World Natural Fibre Update September 2022
World Natural Fibre Production in 2022 is estimated at 32.6 million tonnes, down 1.1 million tonnes from the estimate one month ago. Production reached 33.3 million tonnes in 2021 and 31.6 million in 2020.
A drought in Texas where over half of cotton produced in the United States is grown, and flooding in Pakistan, the fifth largest cotton producer, account for the decline (www.ICAC.org).
- Nearby cotton futures on the Intercontinental Exchange rose 14% from the end of July and finished August at $2.60 per kilogram.
- The Eastern Market Indicator of wool prices in Australia, fell 1% from mid-July to mid-August to US$9.27 per kilogram.
- Prices of jute fibre in India quoted by the Jute Balers Association (JBA) at the end of August converted to US$ fell 4% from a month earlier to 79 cents per kilogram.
- Prices of silk in China equalled US$ 28.7 per kilogram at the end of August, compared with US$29.5 per kilogram in July 2022, a change of 3%.

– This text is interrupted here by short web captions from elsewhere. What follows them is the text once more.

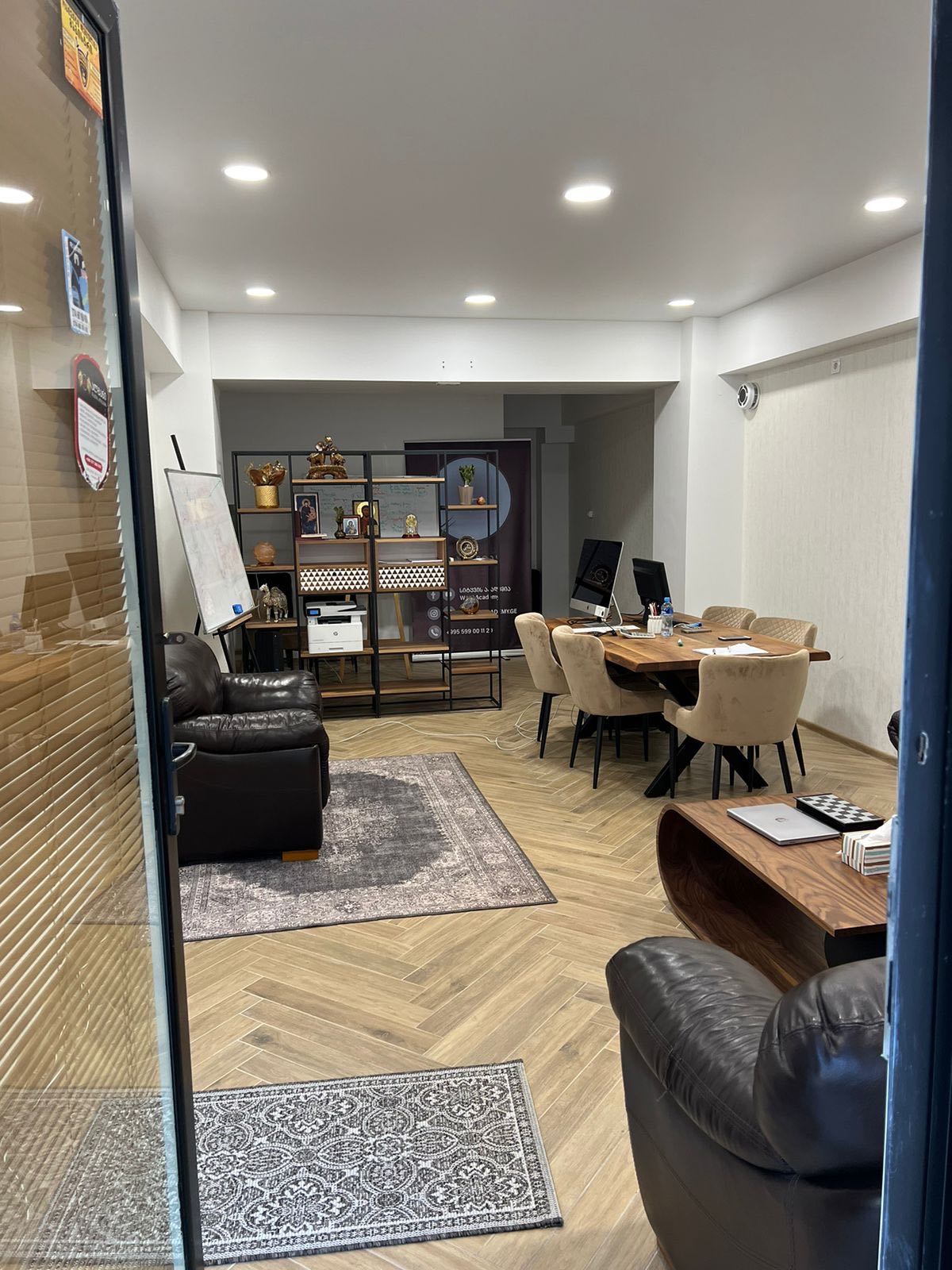 Office For Rent. Saburtalo, 10 of 12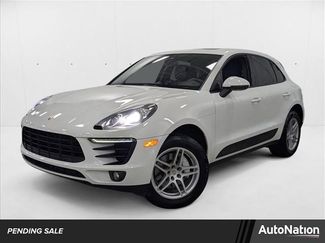 Used 2017 Porsche Macan image 1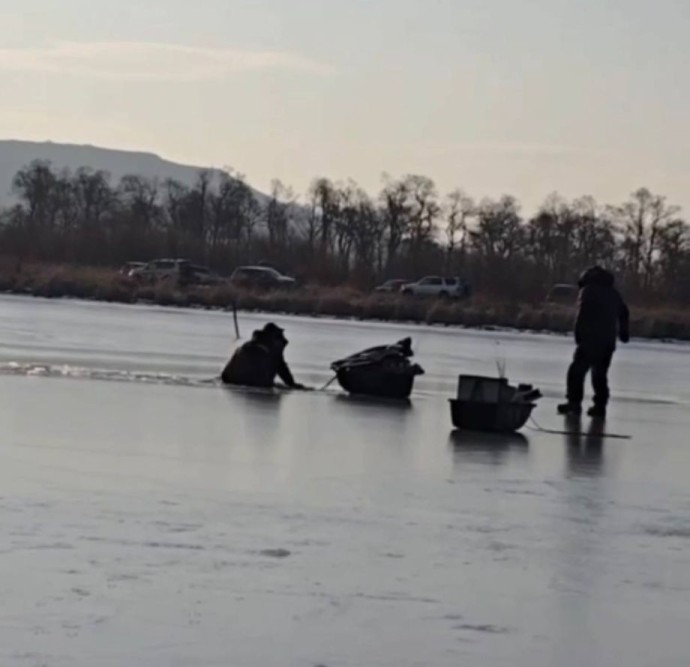 Первые ЧП на льду: рыбаки провалились во время ловли наваги в Приморье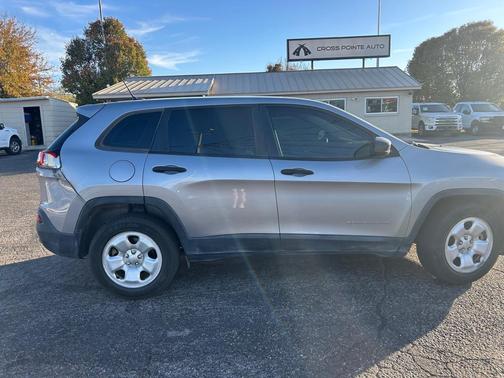 2015 Jeep Cherokee Sport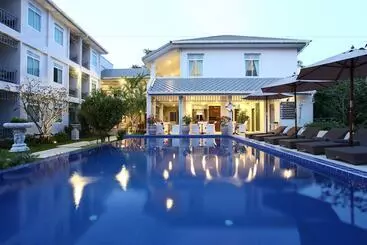 Hotelli Villa Amphawa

- Coconut coir fibre in India held at US cents 21 per kilogram in August.
World production of jute and allied fibres is estimated unchanged at 3.2 million tonnes in 2022 compared with 2021. High market prices in 2021 motivated farmers to expand planted area in both Bangladesh and India, but dry weather during June and July will limit yields per hectare. Normal monsoon rains resumed in South Asia during August, too late for the 2022 jute crop (https://www.wgc.de/en/).
Production of coir fibre rose by an average of 18,000 tonnes per year during the past decade, and production was at a record high of 1.12 million tonnes in 2021. Production is expected to remain high in 2022.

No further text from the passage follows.